Filipino Foods for Families
Pinakbet
Pinakbet is widely love by the Filipinos because of its taste and variety of ingredients on it. This Filipino cuisine is also known as the Filipino Vegetable Dish. This dish is popularized as “Dinengdeng” in Ilocos region by the ilocanos and different version arises from different region. We have the PInakbet Tagalog from the Manila Region and Cebuano Pinakbet in Visayas. In any version, the taste differs because of the ingredients being used, the Tagalog uses shrimp paste while the ilocanos uses fermented fish and Cebuanos uses regular pork belly as their meat until the previous 2 versions use lechon kawali. The preparation of this dish greatly depends on the taste those who prepare it. Some of those like it spicier, or a little bit salty, or meatier and less vegetables or more vegetables and less meaty. This dish makes it way to fame to the Filipino community because of the variety of vegetables that we can taste in this food and great taste that the fermented fish or paste added makes you lost your words to express how it taste. If you want to give your family a healthier food and budget friendly, this food is for everyone!
Recipe
INGREDIENTS
- ¼ kilo pork belly, cut into strips or ¼ kilo of lechon kawali chopped in cubes
- Chicharon (Optional)
- 3–4 tablespoons shrimp paste
- Medium squash (Cut into cubes)
- 1 pc. onion (chopped)
- 3 minced Garlic
- 1 tablespoon oil
- 2–3 medium tomatoes (chopped)
- 2 to 3 cups of water
- 5 pcs. young okra (cut into halves diagonally)

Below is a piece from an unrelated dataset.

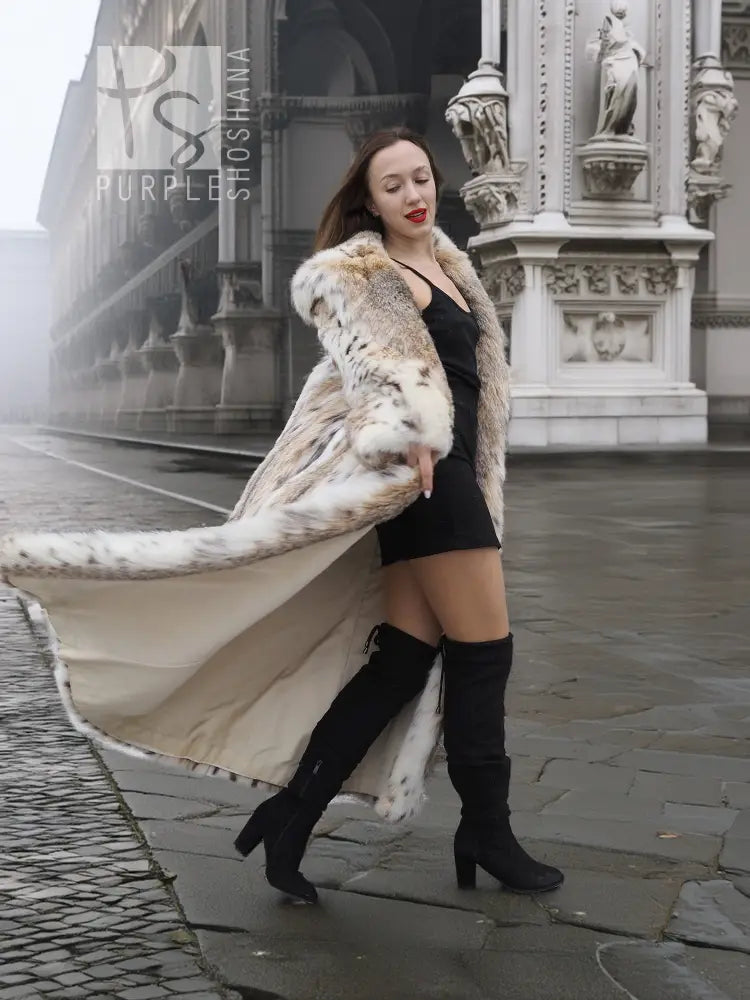 Cream and brown spotted plush fur coat with shawl collar, long open front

- ½ bunch string beans (cut into 3-inch lengths)
- 1 medium Ampalaya (cleaned and cut into slices)
- 1 large Eggplant (cleaned and cut into cubes)
PROCEDURE
1. In a pan, saute onion and garlic over medium heat until tender and aromatic. Add pork and cook for 3 to 5 minutes or until lightly browned.
2. Add the shrimp paste and continue to cook for about 2 minutes. Add tomatoes and cook for about 5 minutes or until softened.
3. Add water and bring to a boil. Simmer for 10 to 15 minutes or until pork is tender.
4. Add more water in ½ cup increments as needed to maintain about 1 cup of liquid.
5. Add squash and cook for 4 minutes. Add okra, long beans, Ampalaya, and Eggplant.
6. Continue to cook for about 4 to 5 minutes or until vegetables are tender yet crisp.
7. Add Chicharon. Best serve with Rice.
Tips:
> If you want to make it spicier, add the chili pepper first before you saute the garlic and onions.
> If you don’t want the bitter taste of the ampalaya, soak first the ampalaya in a clean water for 30 minutes or more before cooking and slice it thinly.